Exercise data ->

──────────

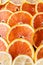 Fresh juicy orange and lemon fruit rings close up background.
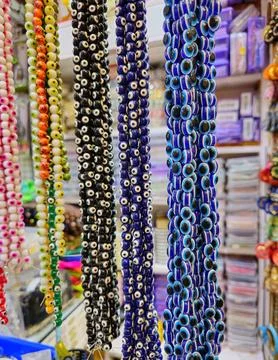 Strings of beads in various colors, including black, blue, and white, are p.. Stock-Fotos
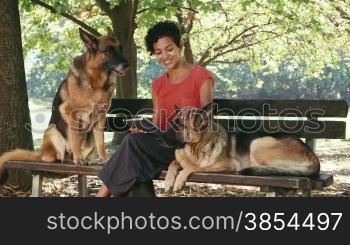14of15 Young people, wi-fi technology and pet, portrait of happy young latina woman working as dog sitter with german shepherd dogs in park, using digital tablet computer for web and e-mail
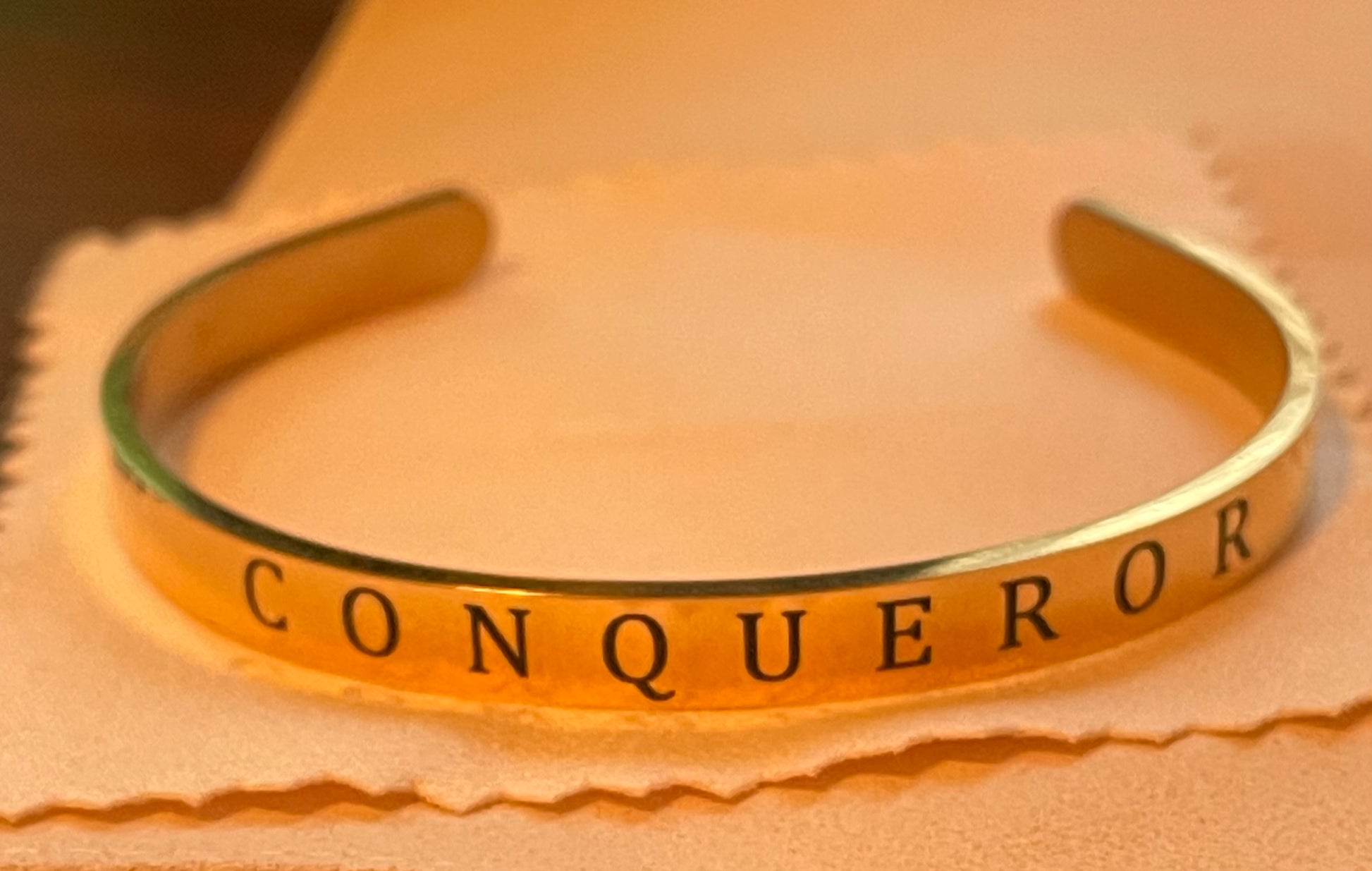 Gold bracelet with 'CONQUEROR' engraving on a beige background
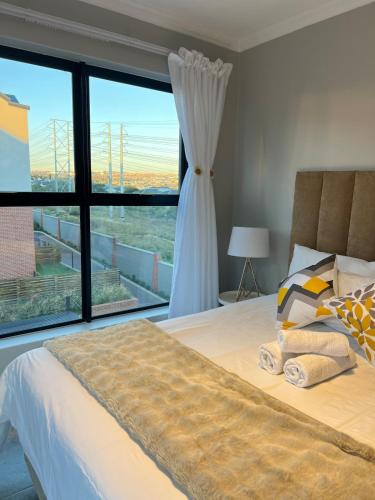 a bedroom with a bed and a large window at Luxury Apartment - Breathtaking River Views in Kyalami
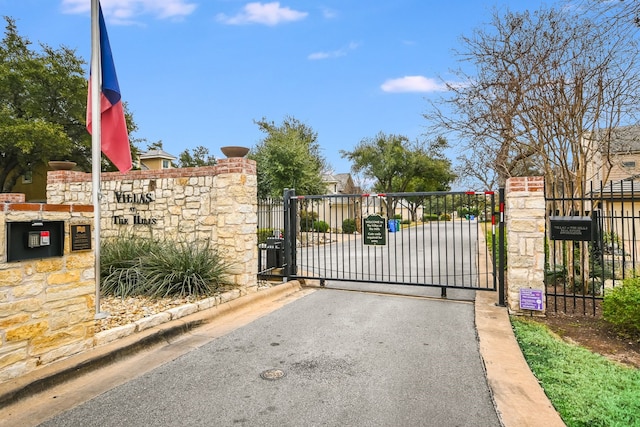 view of gate with fence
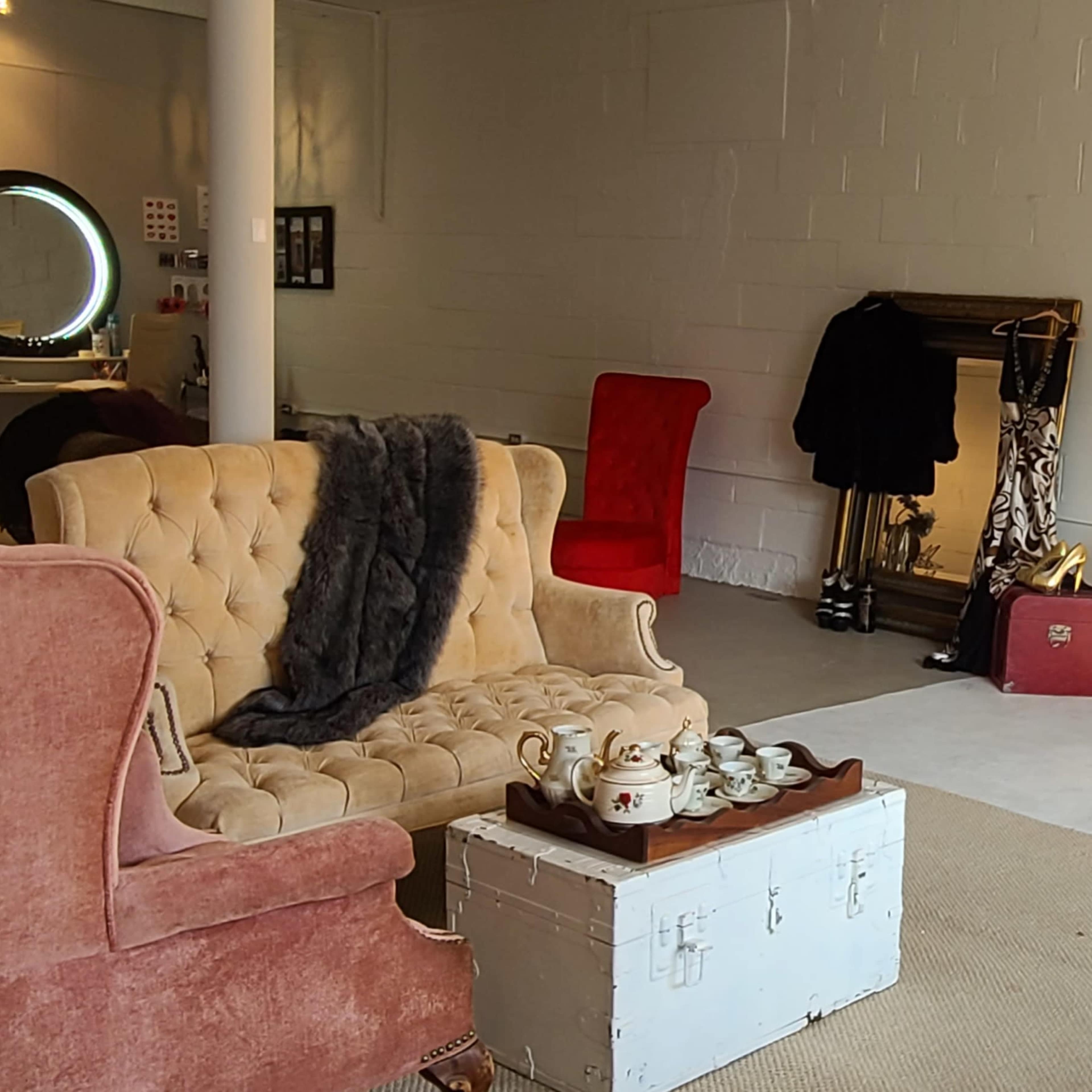 A brightly lit, minimalist room featuring assorted seating, including a pink armchair, a red chair, and a wooden bench, along with a coffee table and a vintage trunk.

──────────

Required work -> An answer that restates all the entries exactly and drops the images is what is needed.

Response to this task ->
 Fresh juicy orange and lemon fruit rings close up background.
 Strings of beads in various colors, including black, blue, and white, are p.. Stock-Fotos
14of15 Young people, wi-fi technology and pet, portrait of happy young latina woman working as dog sitter with german shepherd dogs in park, using digital tablet computer for web and e-mail
 Gold bracelet with 'CONQUEROR' engraving on a beige background
 a bedroom with a bed and a large window at Luxury Apartment - Breathtaking River Views in Kyalami
 view of gate with fence
 A brightly lit, minimalist room featuring assorted seating, including a pink armchair, a red chair, and a wooden bench, along with a coffee table and a vintage trunk.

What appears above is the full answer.